- **The data**
....
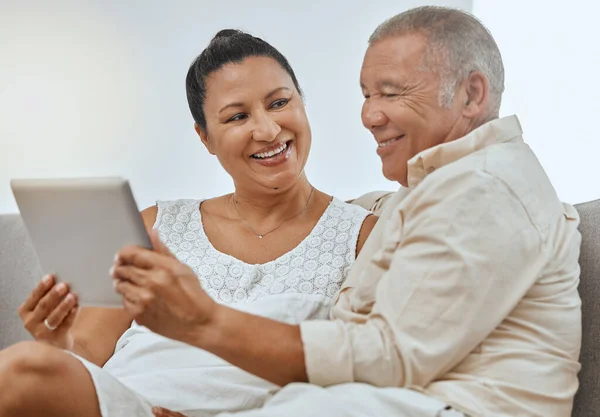 Amor Pareja Ancianos Tableta Ser Feliz Sonreír Relajarse Juntos Sofá —  Fotos de Stock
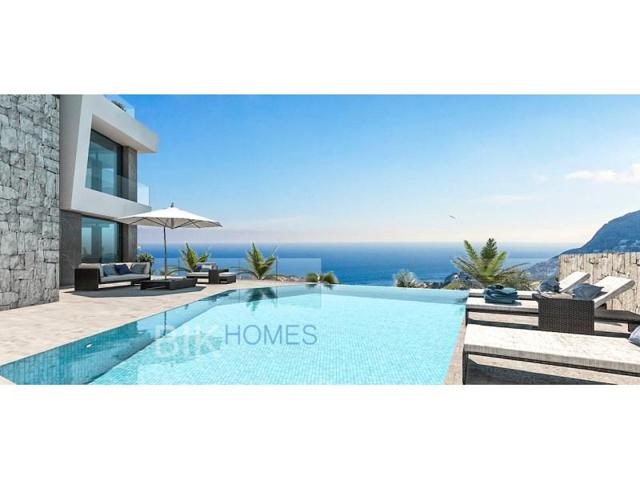 Chalet en venta en Calpe photo 0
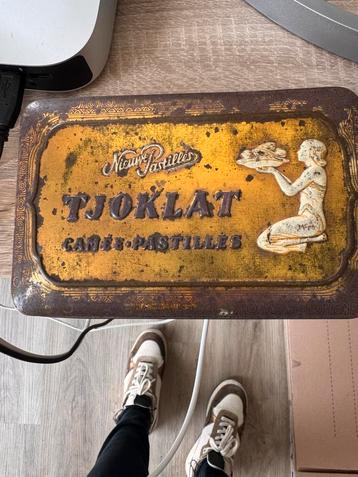 Tjoklat Blik - Verzamelaarsobject beschikbaar voor biedingen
....
- **Goal of the exercise**
The lines to copy run from the line containing "Chalet en venta en Calpe photo 0" through the end of the data above; copy exactly those, minus the pictures.

- **Solution to the exercise**
 Chalet en venta en Calpe photo 0
 Tjoklat Blik - Verzamelaarsobject beschikbaar voor biedingen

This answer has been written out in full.